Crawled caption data
____
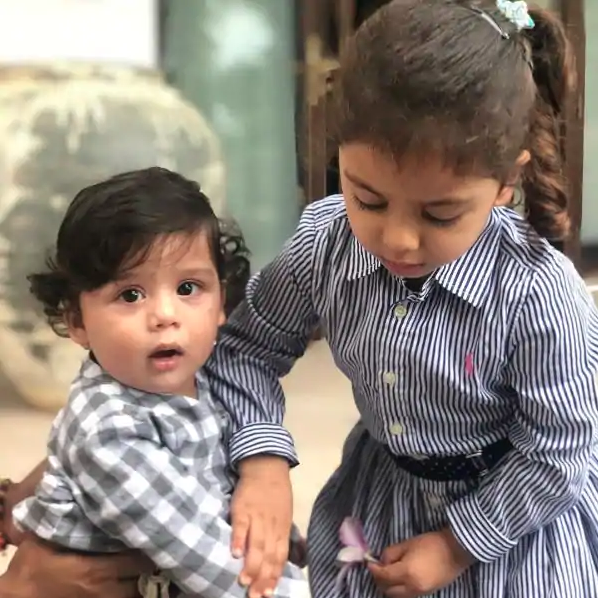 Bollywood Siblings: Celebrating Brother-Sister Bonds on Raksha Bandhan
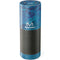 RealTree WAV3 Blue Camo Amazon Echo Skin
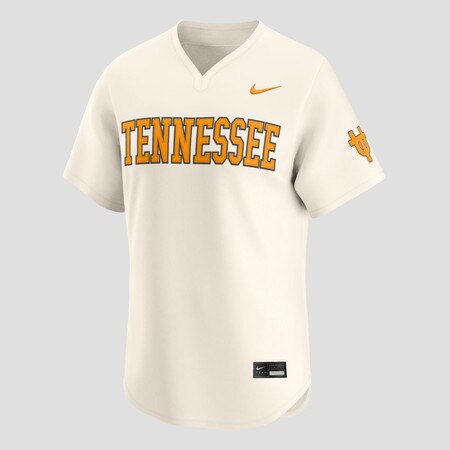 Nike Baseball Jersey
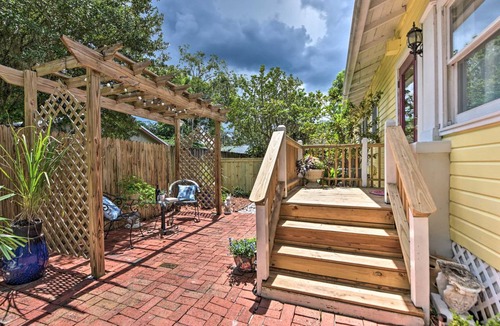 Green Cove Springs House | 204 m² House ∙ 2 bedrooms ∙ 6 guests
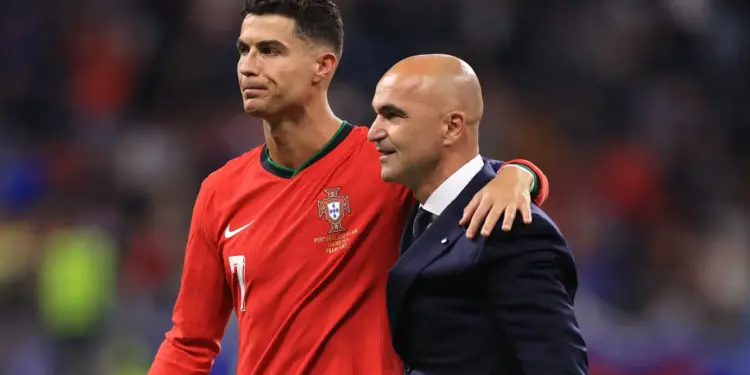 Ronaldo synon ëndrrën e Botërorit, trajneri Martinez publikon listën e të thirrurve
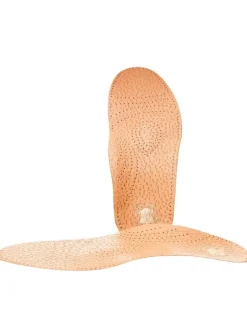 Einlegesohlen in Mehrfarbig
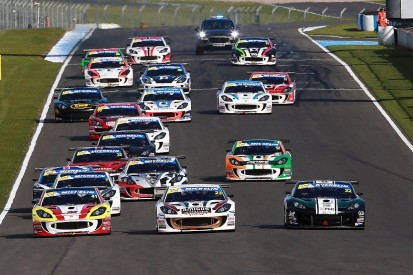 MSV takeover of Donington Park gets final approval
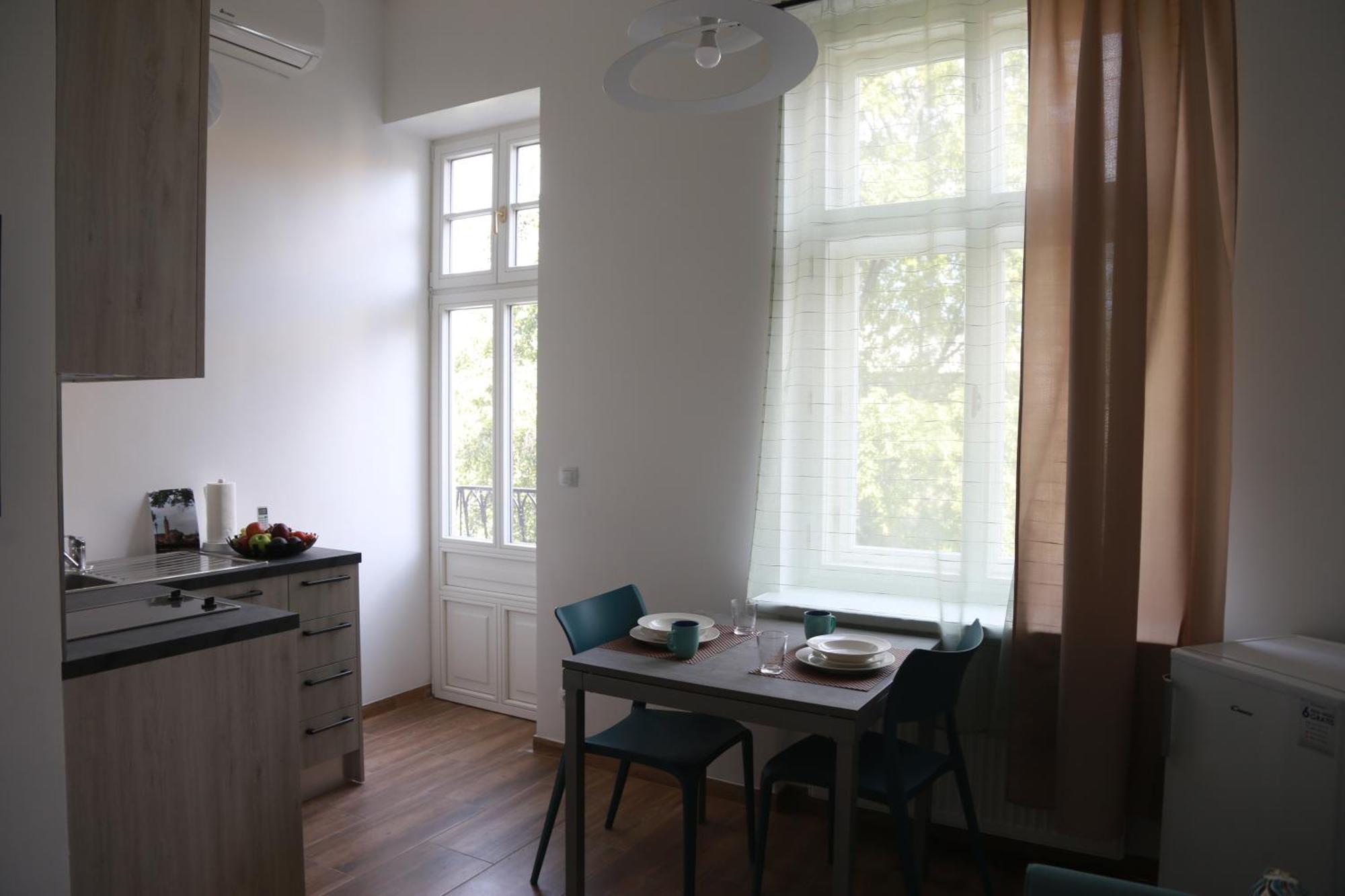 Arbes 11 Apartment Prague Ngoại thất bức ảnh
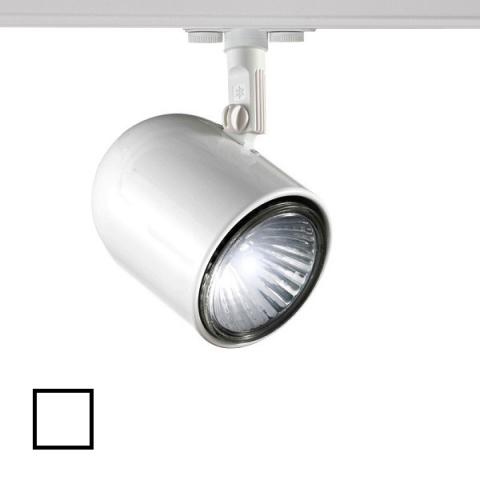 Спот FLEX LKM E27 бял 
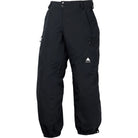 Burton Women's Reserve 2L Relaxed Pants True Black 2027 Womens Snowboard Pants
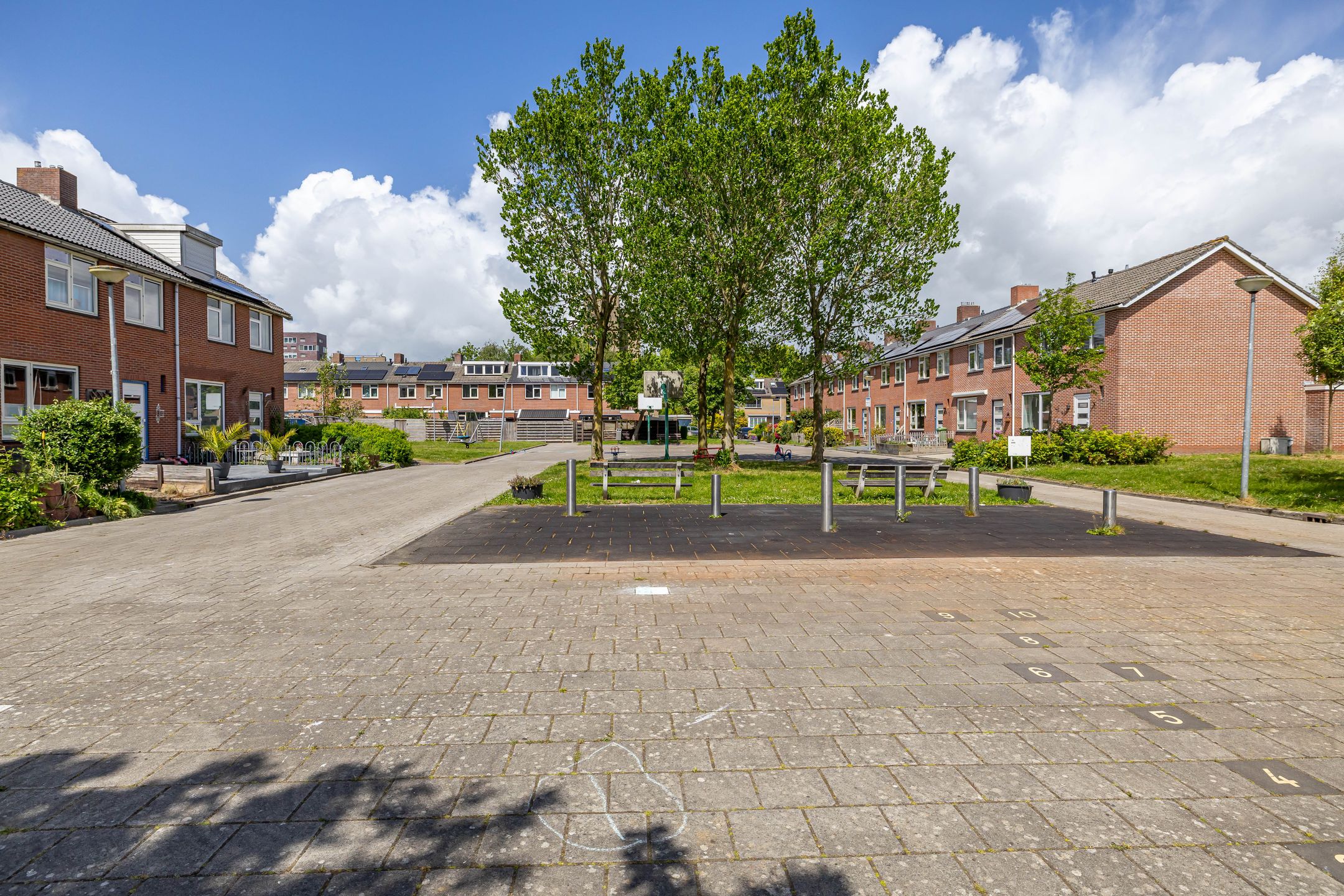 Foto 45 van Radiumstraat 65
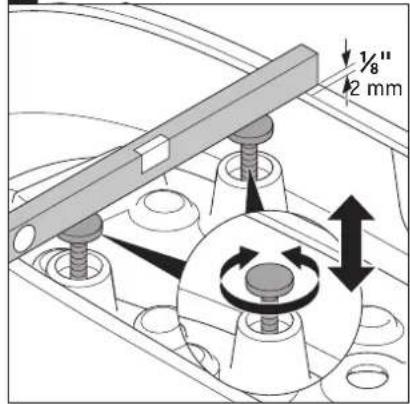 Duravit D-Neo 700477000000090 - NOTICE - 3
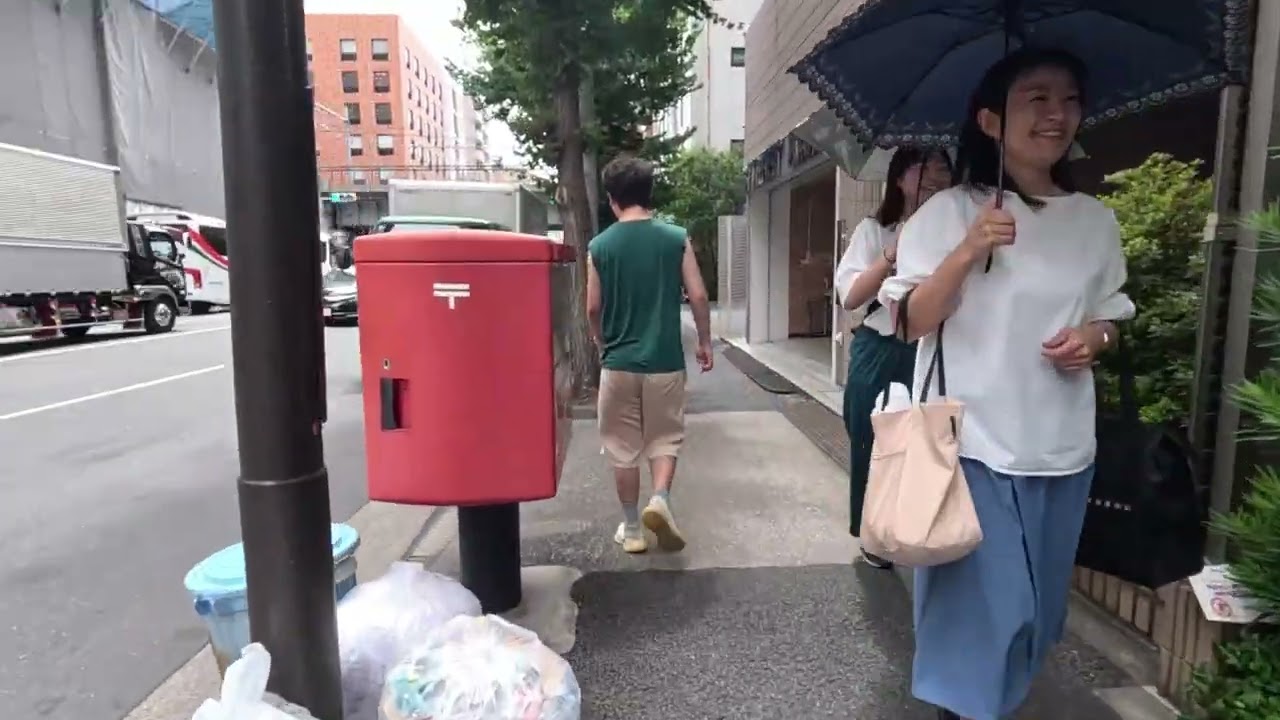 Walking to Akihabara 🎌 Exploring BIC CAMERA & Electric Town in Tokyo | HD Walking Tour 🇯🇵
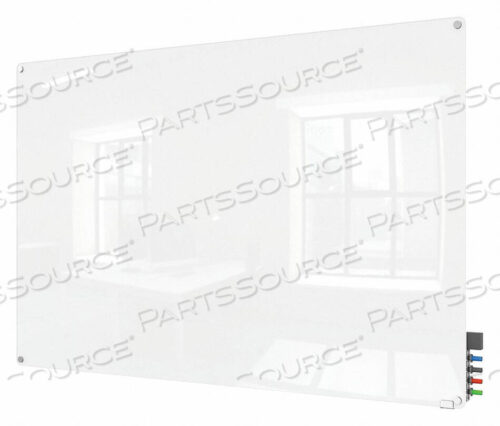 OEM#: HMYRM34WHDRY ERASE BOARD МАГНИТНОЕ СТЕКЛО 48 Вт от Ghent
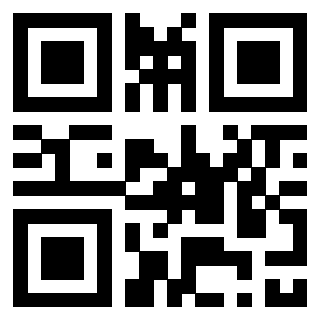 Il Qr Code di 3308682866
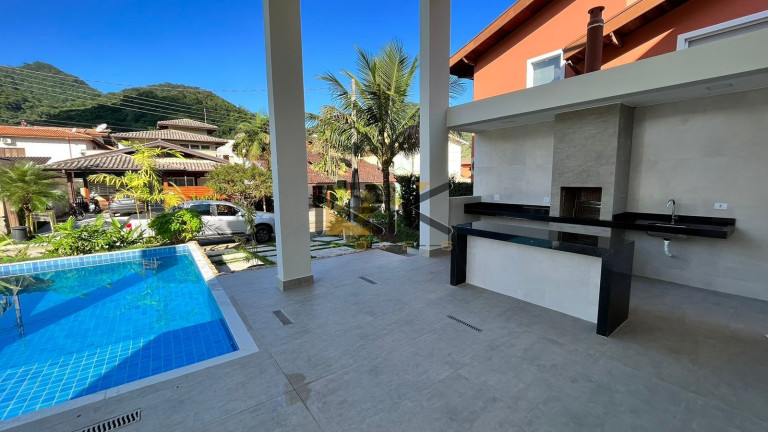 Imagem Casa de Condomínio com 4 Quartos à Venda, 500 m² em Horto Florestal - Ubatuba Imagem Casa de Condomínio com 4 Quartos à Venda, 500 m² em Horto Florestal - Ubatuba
____
-- Work item --
Output the records above as they stand, from the first line to the line with "Il Qr Code di 3308682866", inclusive, and exclude the pictures.

-- Response to the task --
 Bollywood Siblings: Celebrating Brother-Sister Bonds on Raksha Bandhan
 RealTree WAV3 Blue Camo Amazon Echo Skin
 Nike Baseball Jersey
 Green Cove Springs House | 204 m² House ∙ 2 bedrooms ∙ 6 guests
 Ronaldo synon ëndrrën e Botërorit, trajneri Martinez publikon listën e të thirrurve
 Einlegesohlen in Mehrfarbig
 MSV takeover of Donington Park gets final approval
 Arbes 11 Apartment Prague Ngoại thất bức ảnh
 Спот FLEX LKM E27 бял 
 Burton Women's Reserve 2L Relaxed Pants True Black 2027 Womens Snowboard Pants
 Foto 45 van Radiumstraat 65
 Duravit D-Neo 700477000000090 - NOTICE - 3
 Walking to Akihabara 🎌 Exploring BIC CAMERA & Electric Town in Tokyo | HD Walking Tour 🇯🇵
 OEM#: HMYRM34WHDRY ERASE BOARD МАГНИТНОЕ СТЕКЛО 48 Вт от Ghent
 Il Qr Code di 3308682866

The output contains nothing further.